FAZIT: Die Abkühlung kommt sicher und auch die Niederschlagsprognosen für Montag
(Regen im Süden und Südosten) sehen relativ homogen aus.
Bewertung der Ensemblevorhersagen
Die Rauchfahnen verschiedener deutscher Städte von IFS-EPS sprechen eine recht
deutliche Sprache, auch wenn die Streuung im Laufe der nächsten Woche zunimmt.
Die wesentlichen Pflöcke, die der Hauptlauf setzt, spiegeln sich mit
ausreichender Belegung auch im Ensemble wider. Eine Kleinigkeit fällt allerdings
ins Auge. Es gibt 2-3 Lösungen, die nicht den abrupten Temperaturrückgang von
Sonntag zu Montag mitmachen, sondern eine eher graduelle Abkühlung simulieren.
Die GFS-EPS-Grafiken zeigen übrigens eine sehr ähnliche Charakteristik wie die
Kollegen aus Reading.
Zur Clusterung, die schon im ersten Zeitsegment T+72…96h (Sonntag zu Montag) mit
voller Kapelle (sechs Cluster) aufwartet. CL 1 bis 5 ähneln sich sehr bezogen
auf den Vorhersageraum (nur minimale Timingunterschiede). CL 6 allerdings
repräsentiert genau jene 3 Lösungen, die die graduelle Abkühlung propagieren.
Der Grund dafür: eine Abtropfung des Troges westlich der Iberischen Halbinsel,
die bei der Mehrheit der Ensembles nicht stattfindet.
Von Dienstag bis Donnerstag (T+120…168h) werden ebenfalls sechs Cluster
angeboten. CL 6 setzt im Anschluss an den obigen CL 6 auf eine nördliche
Westlage. Alle anderen Szenarien setzen nach einem kurzen antizyklonalen
Einschub auf das abermalige Übergreifen eines Höhentroges, der aber
unterschiedlich geformt ist und auch beim Timing Diskrepanzen an den Tag legt.

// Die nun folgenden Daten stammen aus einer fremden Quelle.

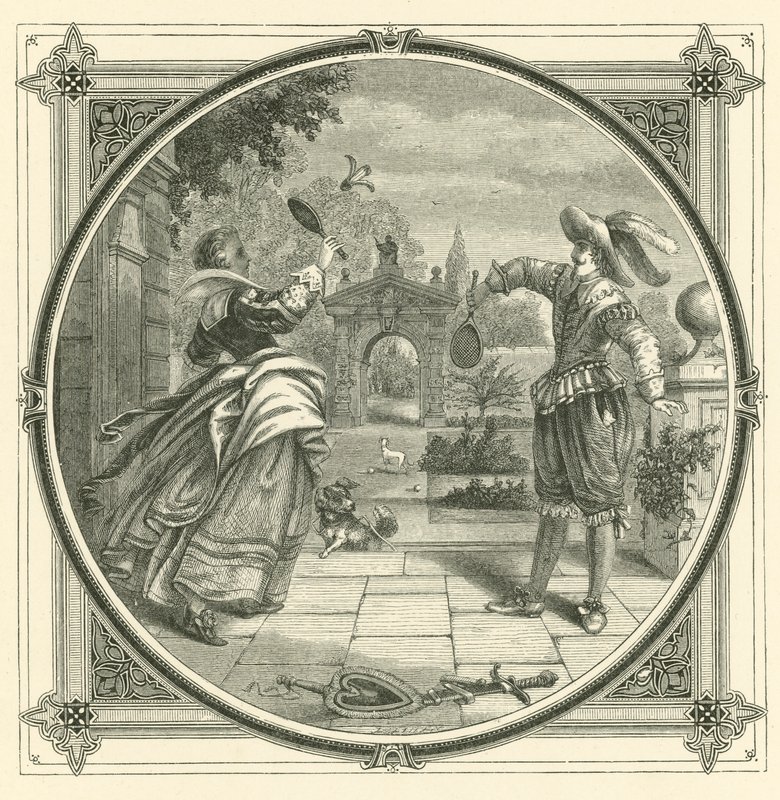 Love, like a ball, requires to be thrown back by John Leighton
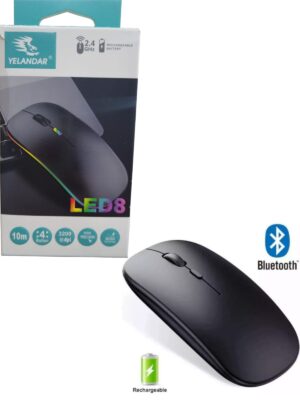 MOUSE YELANDAR RECARGABLE LED8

Bliebe noch ein kurzer Blick auf die Tage von Freitag bis Sonntag (T+192…240h),
die sich ebenfalls sechs Cluster gönnen. CL 1, 2 und 4 (insgesamt 31 Fälle +
HL/KL) rechnen TrM (Trog Mitteleuropa), CL 5 (6 Fälle) eine zyklonale W-NW-Lage
und CL 3 und 6 (14 Fälle) sehen einen mehr oder weniger ausgeprägten Rücken über
Mitteleuropa.
FAZIT: Trotz hoher Clusterzahlen scheint die Vorhersage probabilistisch
ausreichend abgesichert. Eine graduelle Abkühlung in der nächsten Woche scheint
unwahrscheinlich, aber nicht ausgeschlossen. Die erweiterte Mittelfrist gibt
sich noch sehr unsicher.
Wahrscheinlichkeiten für signifikante Wettererscheinungen
Zu Beginn der Mittelfrist am Sonntag/Montag ist die Wahrscheinlichkeit für
signifikante Wettererscheinungen am größten. Da wäre zunächst die KF-Passage mit
der Gefahr kräftiger Gewitter im Süden und Osten, lokale Unwetter inclusive.
Am Montag (bzw. schon in der Nacht zuvor) folgt dann im äußersten Süden und
Südosten wahrscheinlich eine markante Dauerregenlage (auch wenn die
probabilistischen Hinweise nur dezenter Natur sind). Dazu gesellen sich im
Norden ein paar Kaltluftgewitter, außerdem kann es an der See mitunter mal etwas
stärker brisen (bis max. 8 Bft).
Basis für Mittelfristvorhersage
MOS-IFS mit IFS-EPS und Modellmix, dazu etwas „Bauch“.